### WORK ORDER
Given the material below, return only the lines starting at the line with "And we hit backspace" and ending at the line with "The next line", exactly as they appear.

:: SOURCE INFORMATION

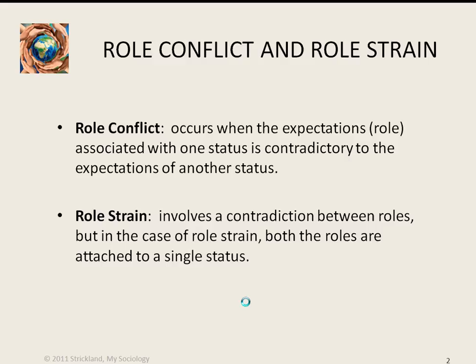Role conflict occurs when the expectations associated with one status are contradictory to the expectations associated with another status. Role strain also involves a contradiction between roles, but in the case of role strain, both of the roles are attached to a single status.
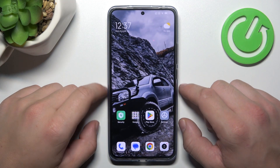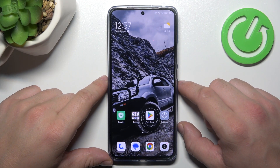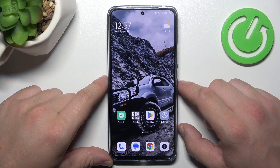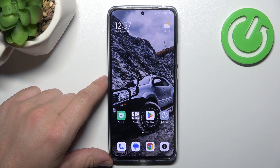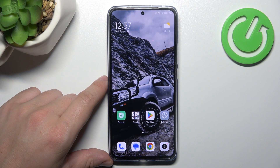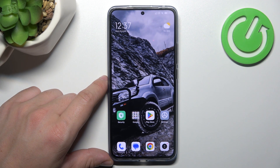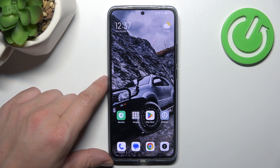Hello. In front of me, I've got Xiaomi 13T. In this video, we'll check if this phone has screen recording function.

::::
:: SOURCE INFORMATION

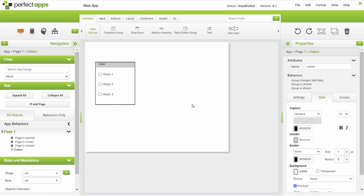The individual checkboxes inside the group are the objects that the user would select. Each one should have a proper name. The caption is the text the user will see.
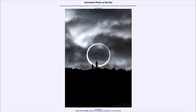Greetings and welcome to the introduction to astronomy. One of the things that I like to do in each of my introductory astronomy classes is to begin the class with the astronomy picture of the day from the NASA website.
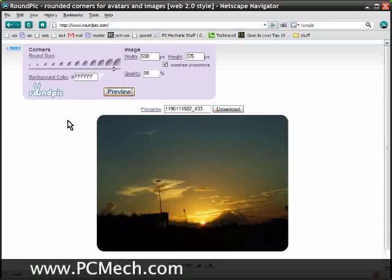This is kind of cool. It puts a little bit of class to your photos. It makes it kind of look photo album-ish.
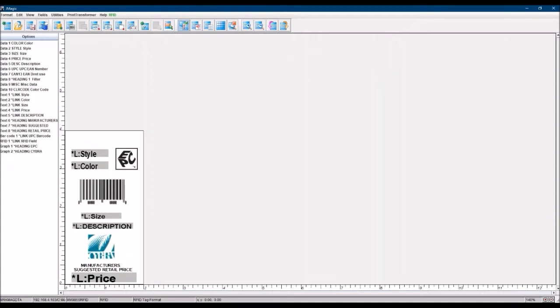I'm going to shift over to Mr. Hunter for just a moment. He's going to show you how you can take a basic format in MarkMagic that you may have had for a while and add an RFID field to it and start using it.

::::
:: SOURCE INFORMATION

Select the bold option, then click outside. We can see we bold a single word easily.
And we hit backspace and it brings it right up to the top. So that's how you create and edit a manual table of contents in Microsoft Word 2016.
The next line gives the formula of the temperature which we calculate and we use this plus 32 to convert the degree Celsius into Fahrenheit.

::::

### EXERCISE RESULT
And we hit backspace and it brings it right up to the top. So that's how you create and edit a manual table of contents in Microsoft Word 2016.
The next line gives the formula of the temperature which we calculate and we use this plus 32 to convert the degree Celsius into Fahrenheit.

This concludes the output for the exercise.